琉球から来た使者との会談は言葉が通じないために通訳付きの会談だった。はっきり言って驚いたわ。通訳付きの会談だなんて琉球は異国なんだと改めて認識した。もっとも琉球では漢字とひらがなを使っているから筆談は可能だ。漢字は中国から導入したのかな。それとも日本だろうか。ひらがなは日本から持ち込んだのだから同じ時期に漢字を導入した可能性も有るのかもしれない。となると琉球に文字が伝わったのは平安時代頃という事になる。少し遅いかな? 漢字だけが先に中国から伝わったというのも有りそうだ。
通訳付きの会談で分かった事は琉球が明を酷く不安視しているという事だった。俺の認識だとこの時代の明は万暦帝の時代で混乱していると思っていたのだがそうじゃないらしい。数年前まで明は内政、外政に成果を上げ繁栄と安定を享受していたようだ。その理由は皇帝が幼く宰相が政治の全権を握っていたからだった。
だが数年前に執政であった宰相が病死した。そして皇帝が親政を始めるとおかしくなりだした。この皇帝が万暦帝だ。本当は別の名前なのだがこの皇帝の治世の元号が万暦だったために万暦帝と日本では呼ばれている。そして明の元号は万暦だから間違いはない。今は万暦帝の治世だ。
はっきり言ってこの皇帝の評価は低い。万暦帝の時に明は滅びたと評価されているくらいだ。それほどまでに失政が酷かった。しかも在位期間が無駄に長かった、五十年くらい皇帝をやっていた筈だ。宰相が実権を握っていたのが約十年、残りが皇帝の親政。最悪だな、逆なら良かったのに。だがこの時代に秀吉の朝鮮遠征を退けている。流石大明帝国だな、底力が有るわ。
明が安定している間、琉球は明との交易、東南アジア、日本との交易で繁栄していた。南蛮船の来航、明の海禁政策の緩和などが有ったがそれでも上手くやって来ただろう。近年の不安定要因は九州で島津が勢力を拡大し琉球へ圧力を掛けてきた事だった。だがその島津も朽木によって滅ぼされた。ホッとしたと思う。
だがホッとしたのも束の間、明がおかしくなり始めた。明の皇帝は若い、失政は続くかもしれない、そういう不安を持った時に俺が琉球に対して日本に服属しては如何かと言い出した。琉球はかなり混乱したらしい。何処の国だって他国に服属するのは面白くない。それに明に知られたら明が如何思うかという不安も有る。
しかし俺が提示した条件はそれほど厳しい物ではない。交易の自由は保障しているし安全保障の面でも庇護が受けられる。旨味は多い。特に琉球が重視しているのは朽木が扱う蝦夷地との交易品だった。砂糖と交換しこいつを中国へ持って行く、或いは東南諸国に売る。儲かるのだ。南蛮船、明の私貿易船もこの蝦夷地の産物を扱っている。
「しかし、信じられぬな」
関白殿下の言葉に皆が頷いた。
「勿論決まったわけでは有りませぬ。琉球国内では某からの提案を受けるべきという勢力とこれまで通りにすべきだという勢力で拮抗しているようです。今回の使者もそれぞれの勢力から一人ずつ、そして中立の人間が一人、計三人で来ています」
割れてはいても使者を送って来たのだ。反対している人間もこちらに関心を持っているのは確かだろう。そして明に不安を持っている事も確かな筈だ。
「使者は今何処に?」
「八幡城に居ります、伯父上。今頃は淡海乃海で舟遊びでもしているかもしれませぬな」
琵琶湖が湖だという事が信じられないようだったな。そして湖を多くの船が往来している事にも驚いていた。琵琶湖を利用した活発な経済活動、物流の豊かさにもだ。

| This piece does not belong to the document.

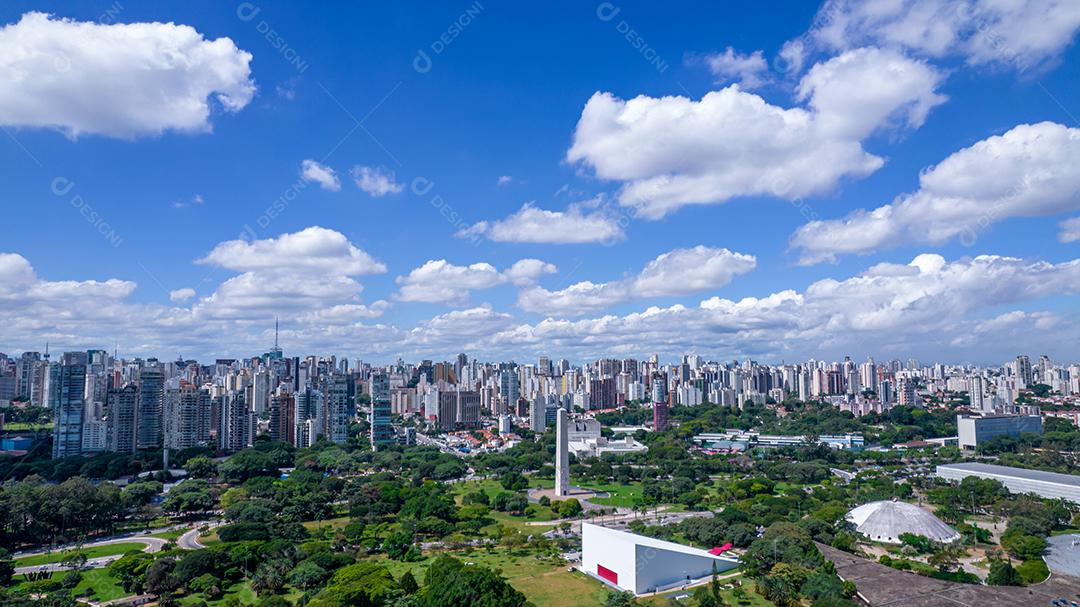 Vista aérea do Parque do Ibirapuera, em São Paulo, SP. Prédios residenciais ao redor. Lago no Parque do Ibirapuera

「琉球と明、琉球と日本、どちらがより琉球に近いかといえば日本の方が近い。遠方にある明が混乱しつつある時、近い日本が一つに纏まりつつある。琉球が国を守ろうと考えればどちらを重視するべきか? その辺りを説いていこうと思います」
「日本に服属した方が得策だというのでおじゃるな」
一条左大臣が問い掛けてきた。
「如何にも。琉球が敵に攻められた時、明が救援の兵を出せるか? 甚だ疑問でありましょう。琉球もそれを理解しております。だから使者が日本に来た。そして日本は以前とは違うのです。琉球に兵を出すのは難しくありませぬ。救う事も攻める事も出来ます」
シンとした。
これまでとは違うのだ。足利の命令はしばしば守護に無視された。無視されてもそれを咎める事は出来なかった。統一政権としては室町幕府は脆弱だった。だが朽木は違う。足利よりも遥かに強大だ。今も二万の兵が薩摩に居る。琉球の使者もその事を知っていた。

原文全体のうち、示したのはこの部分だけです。